◆ Aim of the exercise:
In the listing below, locate the line containing "Tricou Calvin Klein Bărbați - 5XL" and the line containing "Recambio de paragolpes". Output both of them and every line between, exactly as written, and nothing more.

------ Given records

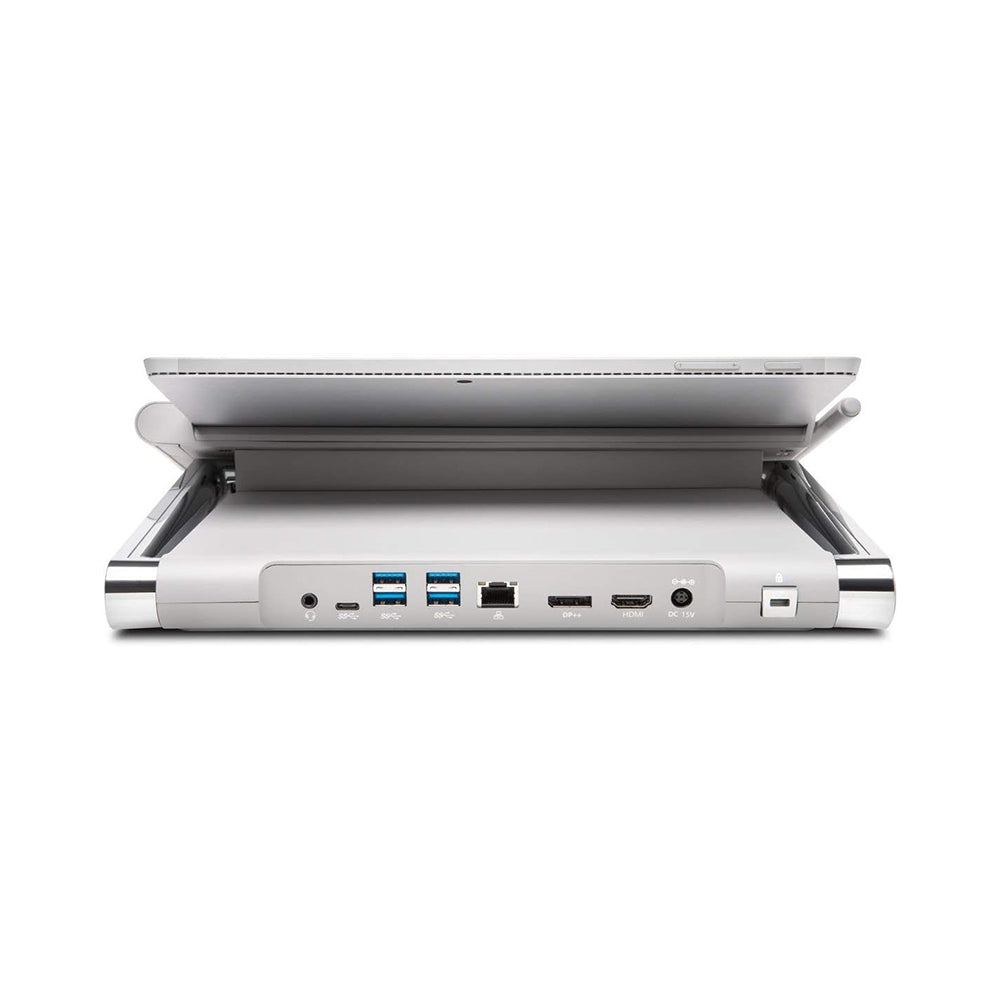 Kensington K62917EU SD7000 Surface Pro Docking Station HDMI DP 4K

------------
------ Given records

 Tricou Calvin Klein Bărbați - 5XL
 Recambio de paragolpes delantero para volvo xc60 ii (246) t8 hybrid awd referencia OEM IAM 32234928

------------
------ Given records

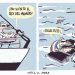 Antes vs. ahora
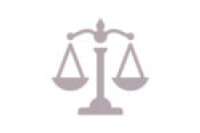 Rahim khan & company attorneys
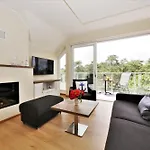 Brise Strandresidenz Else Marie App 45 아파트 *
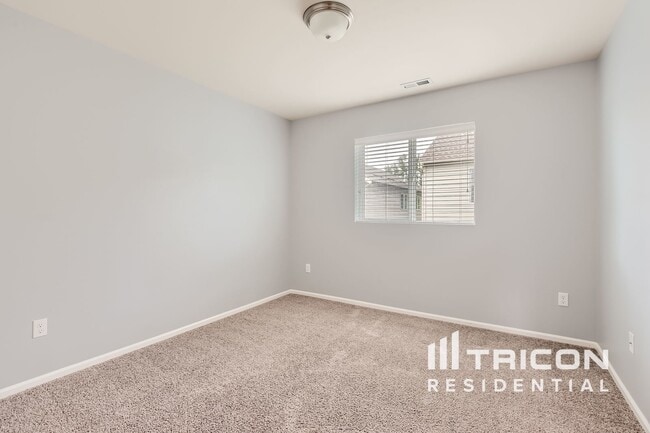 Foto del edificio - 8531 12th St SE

------------

◆ Solution for this problem:
 Tricou Calvin Klein Bărbați - 5XL
 Recambio de paragolpes delantero para volvo xc60 ii (246) t8 hybrid awd referencia OEM IAM 32234928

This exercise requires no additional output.